JuliaNonconvex / Nonconvex.jl

Toolbox for gradient-based and derivative-free non-convex constrained optimization with continuous and/or discrete variables.
https://julianonconvex.github.io/Nonconvex.jl/
MIT License
112 stars 10 forks source link

custom adjoints #43

Closed ConnorMallon closed 3 years ago

ConnorMallon commented 3 years ago

What is the recommended way here to use a custom adjoint for an objective and/or constraints defined using ChainRulesCore.jl for the use in the value_jacobian function? Lets say I have defined my adjoint at the driver level and that I want that to be picked up rather than relying on the default autodiff. How should I tell Nonconvex I have the derivative information? If something like what is below worked that would be great:

using Nonconvex, LinearAlgebra, Test

function f(x::AbstractVector) 
    val = sqrt(x[2])
    jac = [0.5*x[1]^-0.5,0]
    val, jac
end

function g(x::AbstractVector,a,b)
    val = ( a*x[1] + b)^3 - x[2]
    jac = [3* (a)  *(x[1]+ (b) )^2,-1]
    val, jac 
end

options = MMAOptions(
    tol = Tolerance(kkt = 1e-6, f = 0.0),
    s_init = 0.1,
)

m = Model(f)
addvar!(m, [0.0, 0.0], [10.0, 10.0])
add_ineq_constraint!(m, x -> g(x,2,0))
add_ineq_constraint!(m, x -> g(x,-1,1))
alg = MMA87()
convcriteria = KKTCriteria()
r = Nonconvex.optimize(m, alg, [1.234, 2.345], options = options, convcriteria = convcriteria)
@test abs(r.minimum - sqrt(8/27)) < 1e-6
@test norm(r.minimizer - [1/3, 8/27]) < 1e-6

Thanks for your help

mohamed82008 commented 3 years ago

Hi Connor, glad to see you are giving Nonconvex a try. Gridap-TopOpt integration is still on my mind. Let me know if you want to help with that!

Re: your question, the way to define custom adjoints is using ChainRulesCore. Here is an example from TopOpt.jl https://github.com/mohamed82008/TopOpt.jl/blob/ad1cde7bfff891e9dd8ee03c928ba9b1fe946b3d/src/Functions/volume.jl#L92. So you would do something like this:

f(x::AbstractVector)  = sqrt(x[2])
function ChainRulesCore.rrule(::typeof(f), x::AbstractVector)
   val = f(x)
   grad = [0.0, 0.5*x[2]^-0.5]
   val, Δ -> (nothing, Δ * grad)
end

nothing is the adjoint of f wrt the function f itself because f is a simple function (not a closure or a callable struct). Δ * grad is the adjoint wrt x. I need to add this to the documentation.

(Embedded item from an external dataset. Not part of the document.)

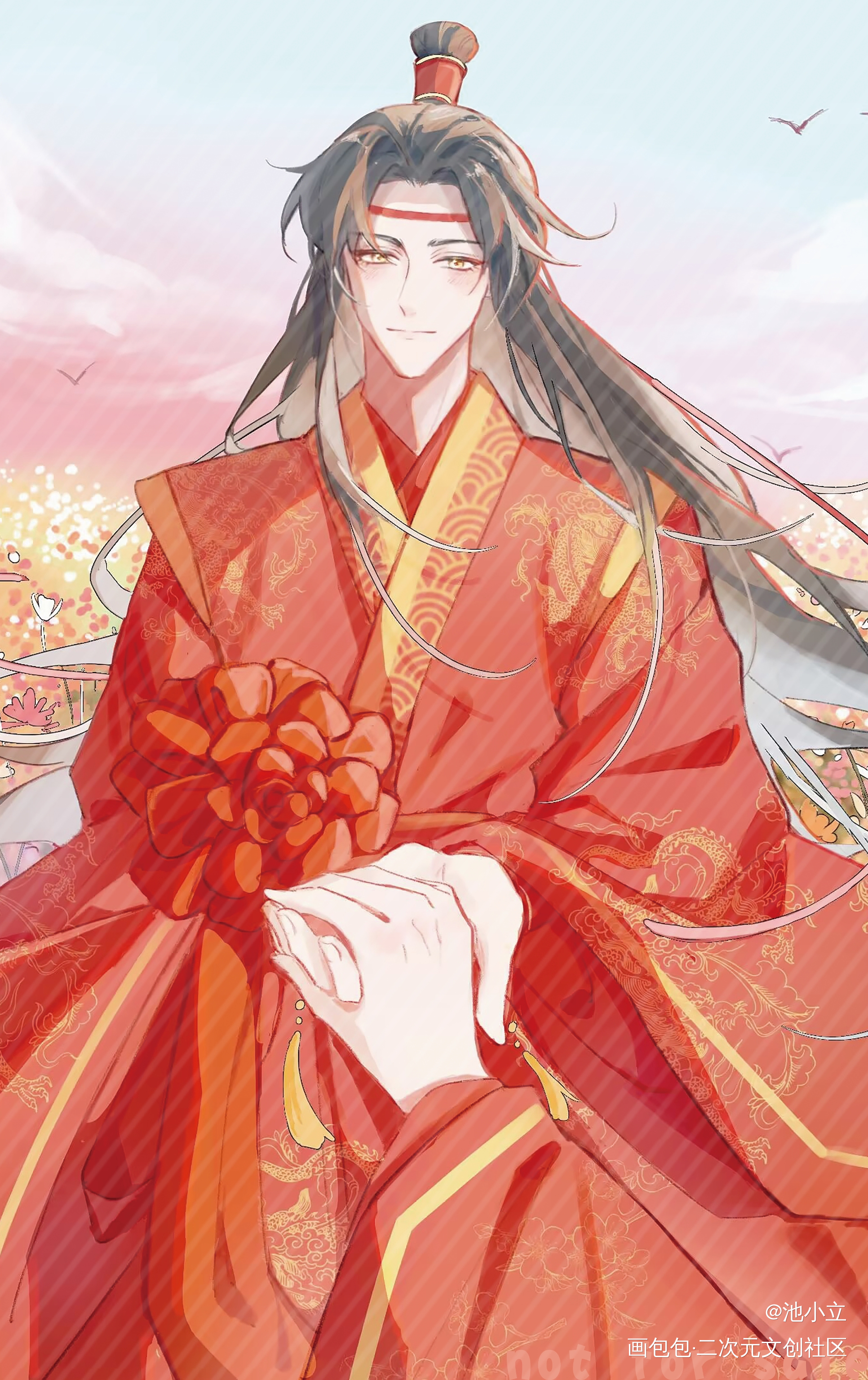 执手_魔道祖师忘羡蓝忘机蓝忘机0123生日快乐绘画作品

ConnorMallon commented 3 years ago

Thanks Mohamed! That's good to hear, lets get it going. I didn't realise the rrule would be picked up like that. Very cool.

mohamed82008 commented 3 years ago

That's good to hear, lets get it going.

If you want to join a meeting with @yijiangh and I to talk specifics, I would be happy to arrange that. There is also the #topopt channel in the Julia slack for quick discussions.

I will close this issue for now.